- Opening Delimiter -

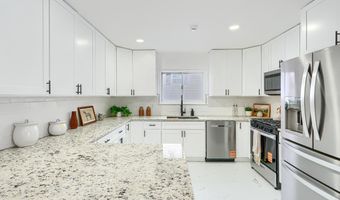 6112 CHESWORTH Rd, Baltimore, MD 21228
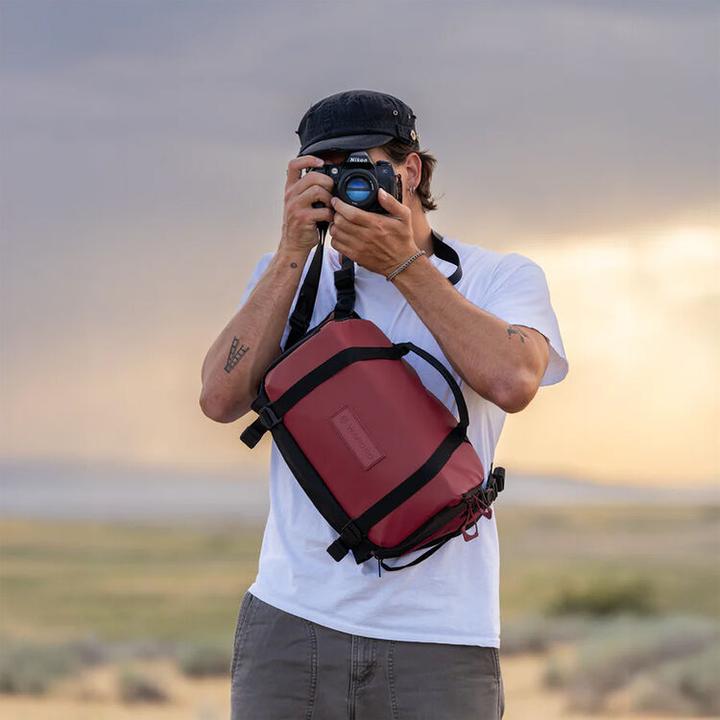 Produktbild Wandrd ROGUE Sling 9L Rhoone Burgundy V2 (Kamera Schultertasche, 9 l)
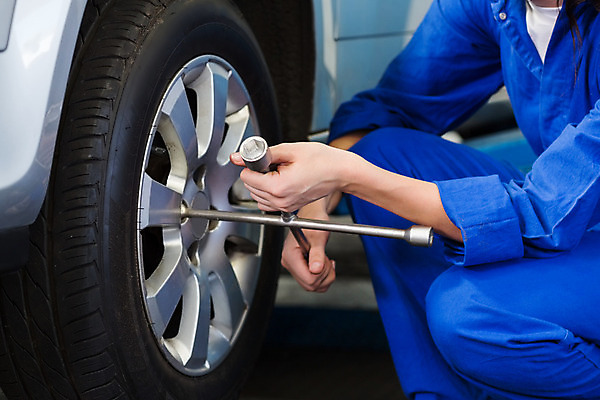포토 JPG 해외이미지 백인 직업 여자 자동차 노동자 실내 작업복 한명 20대 성인 공구 작업 바퀴 작업실 기술자 확인 서비스 타이어 정비공 정비소 차고 성인여자한명만 해외202004 해외포토 서양인 1 옷 육상교통 사람 청년 내부 도구 여자한명만 성인여자만 파일형식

- Closing Delimiter -

ASSIGNED TASK => Beginning with the line that contains "Produktbild Wandrd ROGUE" and ending with the last line of the data, transcribe each line exactly; pictures stay out.

WRITTEN RESPONSE =>
 Produktbild Wandrd ROGUE Sling 9L Rhoone Burgundy V2 (Kamera Schultertasche, 9 l)
포토 JPG 해외이미지 백인 직업 여자 자동차 노동자 실내 작업복 한명 20대 성인 공구 작업 바퀴 작업실 기술자 확인 서비스 타이어 정비공 정비소 차고 성인여자한명만 해외202004 해외포토 서양인 1 옷 육상교통 사람 청년 내부 도구 여자한명만 성인여자만 파일형식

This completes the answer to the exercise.